┏━━

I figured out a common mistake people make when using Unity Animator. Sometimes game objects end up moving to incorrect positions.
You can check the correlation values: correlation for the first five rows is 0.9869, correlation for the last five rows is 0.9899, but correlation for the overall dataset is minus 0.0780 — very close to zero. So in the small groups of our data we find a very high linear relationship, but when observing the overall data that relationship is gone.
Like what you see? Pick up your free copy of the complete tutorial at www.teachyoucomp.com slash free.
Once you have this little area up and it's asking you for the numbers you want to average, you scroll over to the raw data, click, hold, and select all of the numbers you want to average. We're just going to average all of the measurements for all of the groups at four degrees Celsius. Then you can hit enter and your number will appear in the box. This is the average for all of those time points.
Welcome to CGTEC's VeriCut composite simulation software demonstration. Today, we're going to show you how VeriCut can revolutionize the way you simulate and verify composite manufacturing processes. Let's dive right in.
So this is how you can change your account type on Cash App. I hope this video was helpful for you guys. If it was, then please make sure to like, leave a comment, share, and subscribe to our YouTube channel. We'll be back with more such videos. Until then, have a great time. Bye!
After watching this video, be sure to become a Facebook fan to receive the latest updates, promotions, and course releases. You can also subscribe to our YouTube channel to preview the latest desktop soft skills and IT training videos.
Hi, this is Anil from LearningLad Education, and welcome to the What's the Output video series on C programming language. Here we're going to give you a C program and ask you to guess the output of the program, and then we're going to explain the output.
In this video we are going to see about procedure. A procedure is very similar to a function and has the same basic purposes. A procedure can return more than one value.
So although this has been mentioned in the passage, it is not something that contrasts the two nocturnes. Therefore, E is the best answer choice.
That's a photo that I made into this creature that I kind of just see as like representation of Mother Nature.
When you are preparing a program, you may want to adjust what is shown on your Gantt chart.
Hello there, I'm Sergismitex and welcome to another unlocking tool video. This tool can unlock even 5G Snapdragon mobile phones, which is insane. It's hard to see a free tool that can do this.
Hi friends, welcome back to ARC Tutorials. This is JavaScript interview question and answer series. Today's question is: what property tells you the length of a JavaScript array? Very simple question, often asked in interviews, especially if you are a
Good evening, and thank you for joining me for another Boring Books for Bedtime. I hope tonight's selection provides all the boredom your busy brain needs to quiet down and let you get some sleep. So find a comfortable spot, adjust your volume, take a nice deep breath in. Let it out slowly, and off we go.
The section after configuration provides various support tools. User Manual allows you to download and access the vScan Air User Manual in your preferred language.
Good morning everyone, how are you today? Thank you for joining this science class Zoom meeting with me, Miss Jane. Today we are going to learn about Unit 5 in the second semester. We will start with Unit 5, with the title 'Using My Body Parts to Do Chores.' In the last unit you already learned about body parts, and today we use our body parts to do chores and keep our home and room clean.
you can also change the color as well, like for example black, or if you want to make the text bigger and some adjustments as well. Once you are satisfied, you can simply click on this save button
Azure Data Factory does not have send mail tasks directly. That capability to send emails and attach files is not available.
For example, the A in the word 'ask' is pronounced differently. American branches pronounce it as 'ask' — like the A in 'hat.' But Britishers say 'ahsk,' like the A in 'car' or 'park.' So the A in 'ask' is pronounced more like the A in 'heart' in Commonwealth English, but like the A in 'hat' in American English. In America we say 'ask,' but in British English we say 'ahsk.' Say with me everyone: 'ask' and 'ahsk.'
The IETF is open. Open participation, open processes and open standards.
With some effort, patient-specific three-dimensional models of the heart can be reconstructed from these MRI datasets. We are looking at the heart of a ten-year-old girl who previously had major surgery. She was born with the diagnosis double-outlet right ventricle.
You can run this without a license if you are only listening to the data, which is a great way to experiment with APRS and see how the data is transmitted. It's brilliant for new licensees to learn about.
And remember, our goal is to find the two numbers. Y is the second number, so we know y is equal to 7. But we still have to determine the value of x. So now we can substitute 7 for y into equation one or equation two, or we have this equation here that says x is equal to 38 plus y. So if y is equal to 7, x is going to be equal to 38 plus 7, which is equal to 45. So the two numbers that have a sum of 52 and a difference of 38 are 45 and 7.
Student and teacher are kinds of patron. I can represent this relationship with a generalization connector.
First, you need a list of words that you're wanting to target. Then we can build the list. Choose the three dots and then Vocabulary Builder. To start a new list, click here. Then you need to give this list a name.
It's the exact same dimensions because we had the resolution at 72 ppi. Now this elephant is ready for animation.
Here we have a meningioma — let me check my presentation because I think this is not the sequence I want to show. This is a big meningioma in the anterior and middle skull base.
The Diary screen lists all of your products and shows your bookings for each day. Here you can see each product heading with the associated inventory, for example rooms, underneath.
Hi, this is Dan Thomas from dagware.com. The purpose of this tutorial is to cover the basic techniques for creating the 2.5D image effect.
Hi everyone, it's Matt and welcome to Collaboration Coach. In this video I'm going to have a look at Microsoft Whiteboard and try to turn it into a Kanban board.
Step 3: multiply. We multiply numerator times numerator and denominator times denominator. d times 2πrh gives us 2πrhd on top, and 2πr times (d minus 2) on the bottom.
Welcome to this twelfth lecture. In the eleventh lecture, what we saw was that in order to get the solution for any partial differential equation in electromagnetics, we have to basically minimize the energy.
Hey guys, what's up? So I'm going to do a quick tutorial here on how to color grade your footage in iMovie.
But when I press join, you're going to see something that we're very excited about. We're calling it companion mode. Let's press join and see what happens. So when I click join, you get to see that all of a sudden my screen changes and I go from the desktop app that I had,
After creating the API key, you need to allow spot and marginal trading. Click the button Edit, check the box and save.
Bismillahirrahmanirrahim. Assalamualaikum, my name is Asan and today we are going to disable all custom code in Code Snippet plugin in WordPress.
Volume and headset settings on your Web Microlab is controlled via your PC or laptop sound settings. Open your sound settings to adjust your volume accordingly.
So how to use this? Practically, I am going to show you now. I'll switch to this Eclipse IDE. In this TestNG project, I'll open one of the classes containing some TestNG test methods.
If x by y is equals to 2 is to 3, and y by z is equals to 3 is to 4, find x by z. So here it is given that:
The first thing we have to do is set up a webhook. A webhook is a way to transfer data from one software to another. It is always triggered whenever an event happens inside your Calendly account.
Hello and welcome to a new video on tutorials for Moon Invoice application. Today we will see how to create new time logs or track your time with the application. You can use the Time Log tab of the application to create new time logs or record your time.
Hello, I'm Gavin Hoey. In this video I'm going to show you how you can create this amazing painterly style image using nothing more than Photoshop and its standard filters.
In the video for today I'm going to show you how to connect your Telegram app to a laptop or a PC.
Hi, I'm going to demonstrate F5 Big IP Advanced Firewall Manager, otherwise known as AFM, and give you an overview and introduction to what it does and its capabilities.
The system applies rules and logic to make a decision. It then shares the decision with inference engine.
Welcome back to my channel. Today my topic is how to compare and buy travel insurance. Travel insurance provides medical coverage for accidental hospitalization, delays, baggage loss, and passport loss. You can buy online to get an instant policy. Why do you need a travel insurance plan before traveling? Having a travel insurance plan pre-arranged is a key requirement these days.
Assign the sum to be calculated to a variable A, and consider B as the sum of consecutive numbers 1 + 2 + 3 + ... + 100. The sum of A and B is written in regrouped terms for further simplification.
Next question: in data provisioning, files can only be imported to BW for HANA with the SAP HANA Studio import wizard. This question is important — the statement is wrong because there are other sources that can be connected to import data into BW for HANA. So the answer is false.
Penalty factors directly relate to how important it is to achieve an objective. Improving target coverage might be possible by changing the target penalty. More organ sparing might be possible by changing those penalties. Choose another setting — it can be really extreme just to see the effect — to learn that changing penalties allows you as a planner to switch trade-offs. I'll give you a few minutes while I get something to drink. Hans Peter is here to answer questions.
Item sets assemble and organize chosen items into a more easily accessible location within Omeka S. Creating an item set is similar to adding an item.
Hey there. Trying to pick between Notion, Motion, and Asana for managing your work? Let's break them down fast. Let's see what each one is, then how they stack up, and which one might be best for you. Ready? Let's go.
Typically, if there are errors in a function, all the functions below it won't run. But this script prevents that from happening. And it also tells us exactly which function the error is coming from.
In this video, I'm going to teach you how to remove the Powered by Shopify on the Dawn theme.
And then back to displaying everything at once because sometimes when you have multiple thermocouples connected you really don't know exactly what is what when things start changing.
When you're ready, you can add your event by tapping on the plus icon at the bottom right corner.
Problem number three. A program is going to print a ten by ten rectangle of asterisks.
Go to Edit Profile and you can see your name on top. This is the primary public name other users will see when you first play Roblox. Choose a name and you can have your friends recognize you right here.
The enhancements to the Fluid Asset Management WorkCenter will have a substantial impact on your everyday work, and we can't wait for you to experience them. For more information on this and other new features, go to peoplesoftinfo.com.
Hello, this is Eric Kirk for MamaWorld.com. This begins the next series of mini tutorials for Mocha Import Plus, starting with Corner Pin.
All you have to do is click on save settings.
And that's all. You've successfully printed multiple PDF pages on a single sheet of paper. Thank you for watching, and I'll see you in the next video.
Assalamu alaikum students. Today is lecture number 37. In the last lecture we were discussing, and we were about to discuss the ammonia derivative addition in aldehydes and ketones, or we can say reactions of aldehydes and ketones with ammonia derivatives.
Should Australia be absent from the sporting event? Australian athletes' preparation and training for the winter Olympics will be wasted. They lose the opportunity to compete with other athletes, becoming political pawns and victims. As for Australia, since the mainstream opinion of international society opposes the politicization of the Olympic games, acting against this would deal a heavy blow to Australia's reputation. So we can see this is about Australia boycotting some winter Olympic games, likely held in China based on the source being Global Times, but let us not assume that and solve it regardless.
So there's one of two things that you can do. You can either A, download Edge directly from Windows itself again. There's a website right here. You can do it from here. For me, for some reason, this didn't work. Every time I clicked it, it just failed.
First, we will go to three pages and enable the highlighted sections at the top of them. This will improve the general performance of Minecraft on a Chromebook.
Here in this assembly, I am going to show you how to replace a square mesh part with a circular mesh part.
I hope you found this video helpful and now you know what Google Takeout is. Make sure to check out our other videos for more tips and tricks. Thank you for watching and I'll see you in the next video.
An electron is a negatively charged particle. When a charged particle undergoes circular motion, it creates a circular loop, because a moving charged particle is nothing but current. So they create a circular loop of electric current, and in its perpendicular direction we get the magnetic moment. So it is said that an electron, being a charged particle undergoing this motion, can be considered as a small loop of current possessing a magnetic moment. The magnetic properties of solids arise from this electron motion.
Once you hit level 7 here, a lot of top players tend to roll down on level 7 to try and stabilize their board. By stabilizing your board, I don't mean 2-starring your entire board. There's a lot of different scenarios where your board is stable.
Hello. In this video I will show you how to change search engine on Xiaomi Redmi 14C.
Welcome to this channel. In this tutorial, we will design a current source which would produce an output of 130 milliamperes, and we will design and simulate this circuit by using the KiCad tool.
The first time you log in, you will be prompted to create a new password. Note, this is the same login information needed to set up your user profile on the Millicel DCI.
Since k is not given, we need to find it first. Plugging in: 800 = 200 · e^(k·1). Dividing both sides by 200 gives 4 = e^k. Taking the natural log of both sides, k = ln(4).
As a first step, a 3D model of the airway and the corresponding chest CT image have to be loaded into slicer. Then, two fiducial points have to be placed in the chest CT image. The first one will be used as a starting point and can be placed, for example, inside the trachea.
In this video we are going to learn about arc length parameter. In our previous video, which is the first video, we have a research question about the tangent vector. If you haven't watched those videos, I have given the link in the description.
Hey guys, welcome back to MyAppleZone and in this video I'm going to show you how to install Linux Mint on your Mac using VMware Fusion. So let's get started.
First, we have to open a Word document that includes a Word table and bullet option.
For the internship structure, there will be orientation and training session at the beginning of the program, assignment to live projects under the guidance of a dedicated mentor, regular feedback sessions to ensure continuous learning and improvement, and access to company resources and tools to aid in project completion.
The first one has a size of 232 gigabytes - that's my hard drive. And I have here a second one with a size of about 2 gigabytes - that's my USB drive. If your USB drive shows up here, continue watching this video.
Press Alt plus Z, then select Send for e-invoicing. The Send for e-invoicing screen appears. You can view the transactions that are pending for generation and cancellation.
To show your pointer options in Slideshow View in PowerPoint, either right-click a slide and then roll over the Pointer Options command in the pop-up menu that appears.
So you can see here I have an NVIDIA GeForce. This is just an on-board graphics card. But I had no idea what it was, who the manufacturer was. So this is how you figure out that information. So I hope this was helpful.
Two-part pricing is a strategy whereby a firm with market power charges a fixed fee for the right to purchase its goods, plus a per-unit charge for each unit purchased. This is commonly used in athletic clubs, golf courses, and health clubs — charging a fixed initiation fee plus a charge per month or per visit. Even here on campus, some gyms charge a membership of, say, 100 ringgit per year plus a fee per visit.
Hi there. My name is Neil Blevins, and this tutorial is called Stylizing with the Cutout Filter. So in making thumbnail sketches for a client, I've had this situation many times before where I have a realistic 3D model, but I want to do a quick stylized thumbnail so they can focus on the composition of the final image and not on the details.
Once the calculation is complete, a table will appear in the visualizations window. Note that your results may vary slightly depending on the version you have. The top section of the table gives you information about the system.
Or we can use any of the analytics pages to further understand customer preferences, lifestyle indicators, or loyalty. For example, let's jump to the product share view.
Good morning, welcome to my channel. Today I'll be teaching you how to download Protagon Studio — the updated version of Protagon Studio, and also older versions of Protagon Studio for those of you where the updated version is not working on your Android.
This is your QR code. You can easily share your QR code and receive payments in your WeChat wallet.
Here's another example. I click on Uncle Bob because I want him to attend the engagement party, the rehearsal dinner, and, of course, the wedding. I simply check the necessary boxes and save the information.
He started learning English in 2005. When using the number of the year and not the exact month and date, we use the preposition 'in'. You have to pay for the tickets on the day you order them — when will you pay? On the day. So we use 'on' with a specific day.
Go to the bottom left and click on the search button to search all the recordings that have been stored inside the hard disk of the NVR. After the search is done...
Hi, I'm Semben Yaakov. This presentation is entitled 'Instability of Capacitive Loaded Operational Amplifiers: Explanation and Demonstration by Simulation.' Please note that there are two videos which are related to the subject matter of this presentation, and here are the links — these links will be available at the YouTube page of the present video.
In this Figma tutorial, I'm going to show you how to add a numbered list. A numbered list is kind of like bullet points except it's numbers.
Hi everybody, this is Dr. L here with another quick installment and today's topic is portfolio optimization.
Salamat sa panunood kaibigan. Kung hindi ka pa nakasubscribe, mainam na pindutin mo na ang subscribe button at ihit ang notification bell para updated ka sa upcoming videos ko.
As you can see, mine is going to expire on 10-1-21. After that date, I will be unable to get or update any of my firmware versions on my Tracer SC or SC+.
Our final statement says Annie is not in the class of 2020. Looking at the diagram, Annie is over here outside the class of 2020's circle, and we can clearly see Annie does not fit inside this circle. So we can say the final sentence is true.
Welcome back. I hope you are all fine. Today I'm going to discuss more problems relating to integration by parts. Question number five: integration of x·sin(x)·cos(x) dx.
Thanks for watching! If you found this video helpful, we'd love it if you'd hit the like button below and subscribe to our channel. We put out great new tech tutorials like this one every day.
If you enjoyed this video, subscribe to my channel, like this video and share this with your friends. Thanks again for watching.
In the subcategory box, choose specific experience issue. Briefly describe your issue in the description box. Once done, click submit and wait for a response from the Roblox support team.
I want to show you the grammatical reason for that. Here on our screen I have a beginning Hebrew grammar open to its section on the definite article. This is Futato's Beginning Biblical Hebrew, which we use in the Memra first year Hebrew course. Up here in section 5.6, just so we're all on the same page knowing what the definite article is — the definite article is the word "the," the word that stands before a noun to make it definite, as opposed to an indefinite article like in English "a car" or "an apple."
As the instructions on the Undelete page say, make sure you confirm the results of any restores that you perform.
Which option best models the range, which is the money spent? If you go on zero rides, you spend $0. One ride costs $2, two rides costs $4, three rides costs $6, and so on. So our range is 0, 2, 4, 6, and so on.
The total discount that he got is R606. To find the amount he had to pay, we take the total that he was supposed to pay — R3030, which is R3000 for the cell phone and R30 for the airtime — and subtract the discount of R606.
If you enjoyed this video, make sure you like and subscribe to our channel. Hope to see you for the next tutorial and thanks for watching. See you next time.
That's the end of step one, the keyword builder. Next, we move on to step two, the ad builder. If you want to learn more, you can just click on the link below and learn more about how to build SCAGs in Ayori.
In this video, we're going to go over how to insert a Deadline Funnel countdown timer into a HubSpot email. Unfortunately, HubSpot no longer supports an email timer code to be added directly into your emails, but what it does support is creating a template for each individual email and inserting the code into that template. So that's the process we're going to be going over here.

┗━━

● **About this task**:
Copy out the entries exactly. Begin at the first line and end with the line that has "Once you have".

● **Solution for this task**:
I figured out a common mistake people make when using Unity Animator. Sometimes game objects end up moving to incorrect positions.
You can check the correlation values: correlation for the first five rows is 0.9869, correlation for the last five rows is 0.9899, but correlation for the overall dataset is minus 0.0780 — very close to zero. So in the small groups of our data we find a very high linear relationship, but when observing the overall data that relationship is gone.
Like what you see? Pick up your free copy of the complete tutorial at www.teachyoucomp.com slash free.
Once you have this little area up and it's asking you for the numbers you want to average, you scroll over to the raw data, click, hold, and select all of the numbers you want to average. We're just going to average all of the measurements for all of the groups at four degrees Celsius. Then you can hit enter and your number will appear in the box. This is the average for all of those time points.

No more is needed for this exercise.